When the state filed liens against the former agency, DHHS spokesperson Lindsay Hammes said that if taxpayer funds are provided for contracted services, the vendor has to provide evidence it delivered those services and used funds for their intended purpose.
The agency was far behind on its financial audits, according to Ossanna.
The new agency has dedicated federal block grant funding to Friendship Cottage through September while it looks to bolster participation, Parent said. Block grants are a major source of funding for community action agencies, which are regional organizations that aim to relieve the effects of poverty through a range of programs spanning early childhood education to transportation to heating assistance distribution.

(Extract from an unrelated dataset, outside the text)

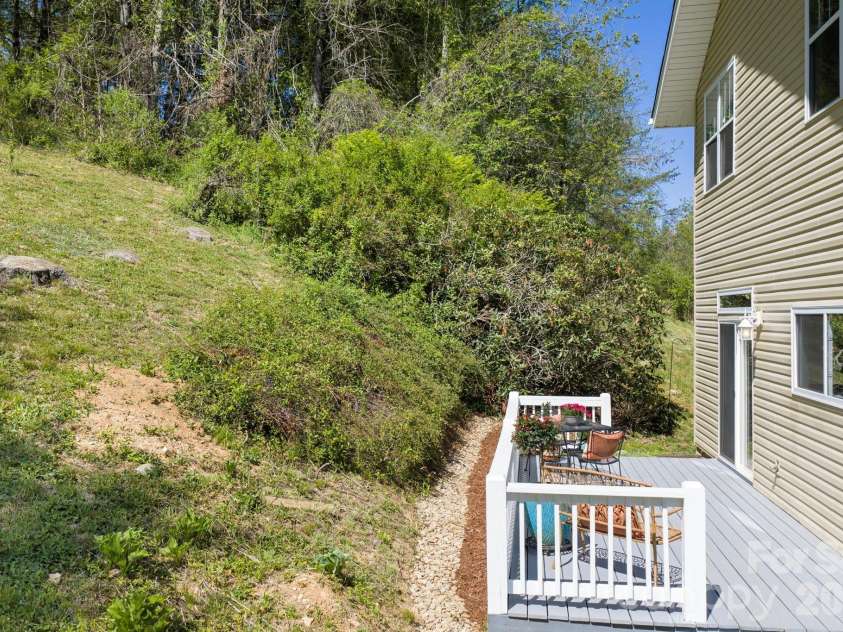 26 Macdougall Lane, Weaverville, NC 28787.  MLS# CAR4421796, YatesRealty ID 49155.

Friendship Cottage is expected to break even if it goes up from the nine people currently enrolled to 12.
Decisions about the program’s future won’t be made until the new board is formed with representatives from Hancock County, Parent said.
He’s optimistic that once the building’s future is secured and the services have been promoted, it will fill up. If enrollment doesn’t increase, local donors have said they may be interested in making up the shortfall, he said.
The new agency will own the building if the purchase is successful, he said, with a covenant added to the purchase agreement to keep it available for services on the peninsula. That aims to avoid donors having to fundraise for the building a third time in the future.
There’s a clear need for the services, he said, and he praised the staff who provide it.
“We are committed to this program and turning it around,” he said.